### Work order
Set the listing down exactly; no pictures.

### Data extract
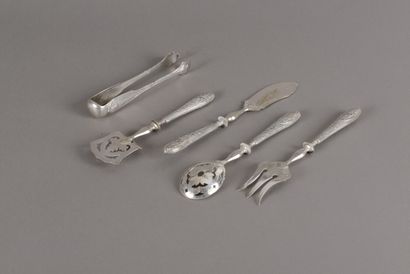 null A four-piece mignardises service, the handles in filled silver with Louis XVI...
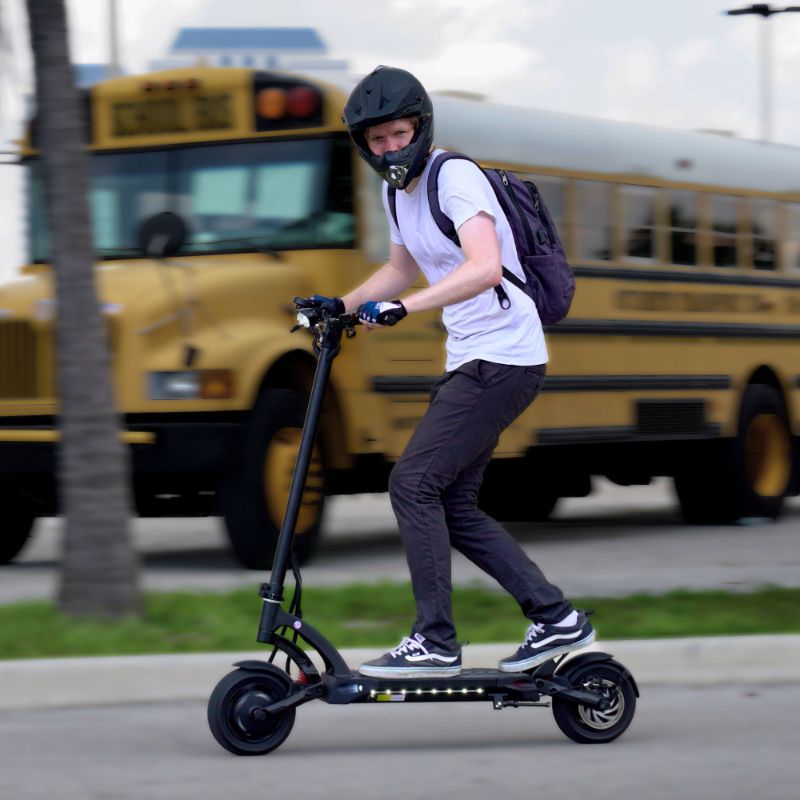 Man in helmet riding the Mantis 40 MPH electric scooter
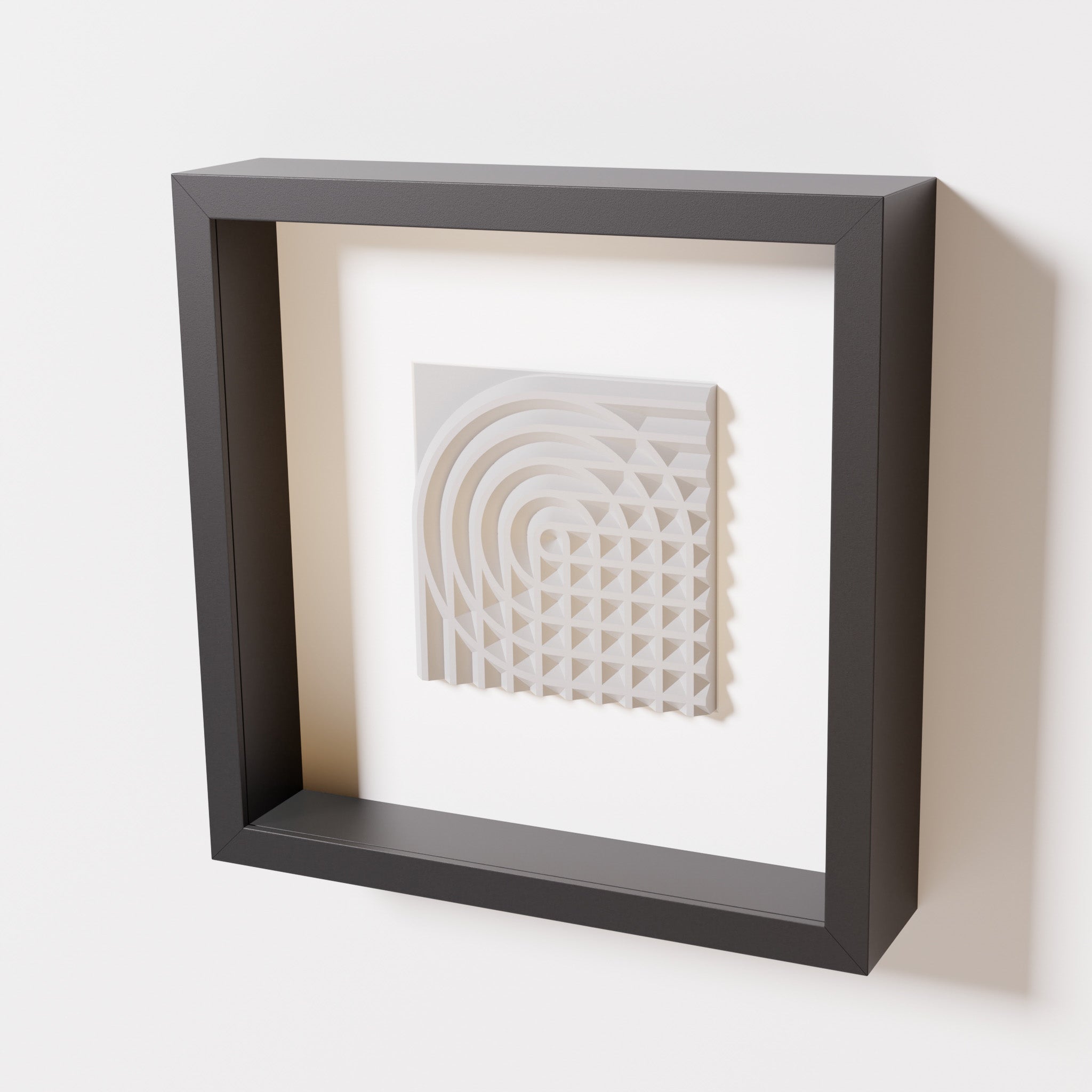 A close-up of a black shadowbox frame containing a marble white artwork featuring the elegant arcs and geometric grid of 'Rainbow II,' showcasing a smooth and refined texture.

### Answer for the task
 null A four-piece mignardises service, the handles in filled silver with Louis XVI...
 Man in helmet riding the Mantis 40 MPH electric scooter
 A close-up of a black shadowbox frame containing a marble white artwork featuring the elegant arcs and geometric grid of 'Rainbow II,' showcasing a smooth and refined texture.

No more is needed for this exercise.